SUPPLIED ENTRIES.
=== Section Start ===
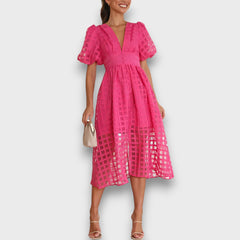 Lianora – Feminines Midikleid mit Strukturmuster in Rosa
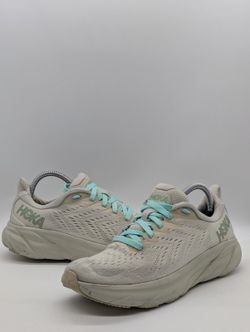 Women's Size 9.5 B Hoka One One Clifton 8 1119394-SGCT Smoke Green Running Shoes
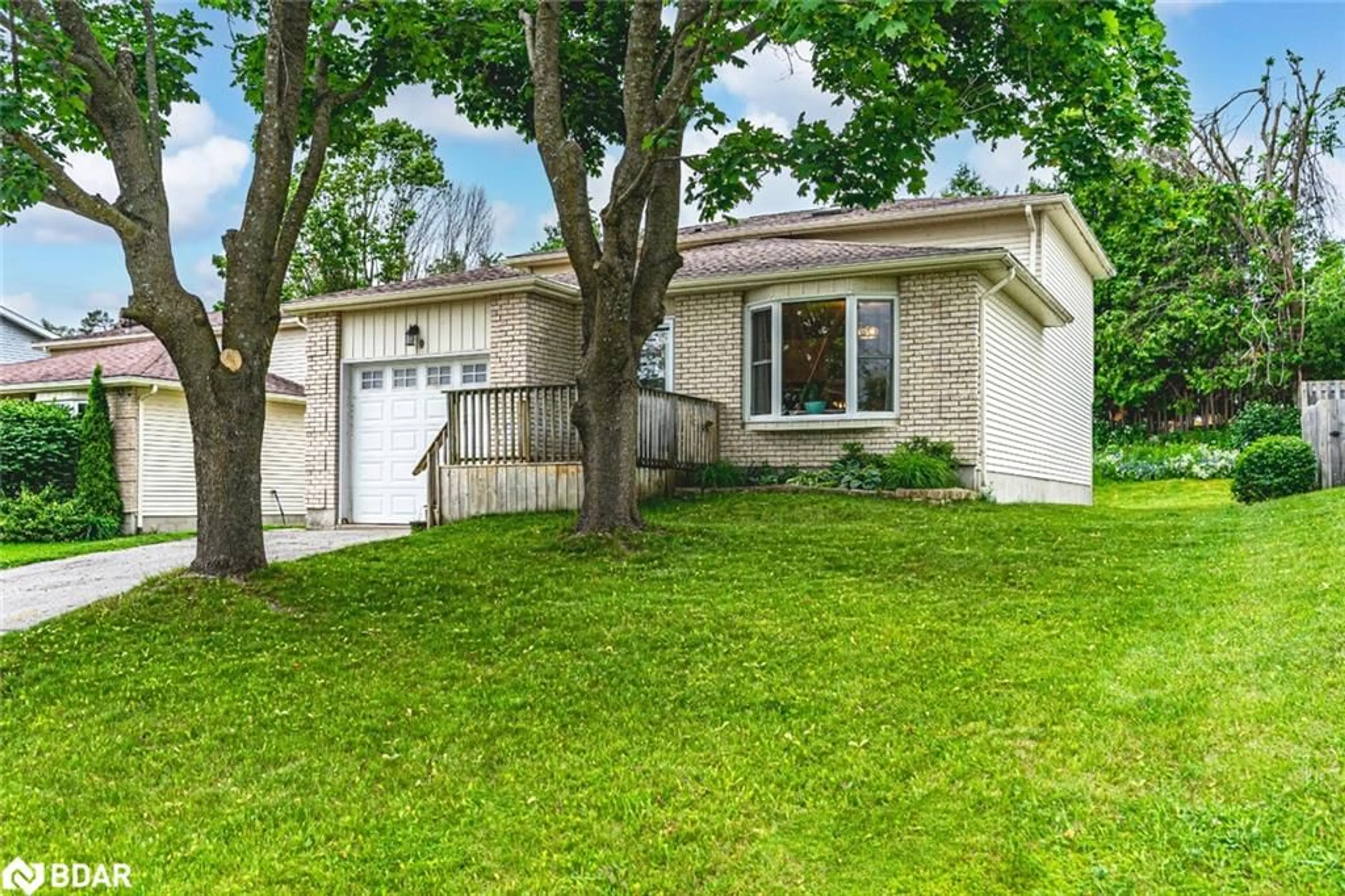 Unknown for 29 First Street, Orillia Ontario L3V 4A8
=== Section End ===
=== Section Start ===
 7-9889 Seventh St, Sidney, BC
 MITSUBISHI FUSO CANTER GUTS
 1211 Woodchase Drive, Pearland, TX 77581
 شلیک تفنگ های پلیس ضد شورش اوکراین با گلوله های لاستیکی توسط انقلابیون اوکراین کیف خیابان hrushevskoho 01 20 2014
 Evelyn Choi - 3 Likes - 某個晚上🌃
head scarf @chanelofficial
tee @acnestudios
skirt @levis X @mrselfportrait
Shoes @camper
=== Section End ===
EXERCISE. The reply should hold exactly the lines above, starting at the line with "Lianora – Feminines" and ending at the line with "Unknown for 29", and no pictures.

TASK ANSWER.
 Lianora – Feminines Midikleid mit Strukturmuster in Rosa
 Women's Size 9.5 B Hoka One One Clifton 8 1119394-SGCT Smoke Green Running Shoes
 Unknown for 29 First Street, Orillia Ontario L3V 4A8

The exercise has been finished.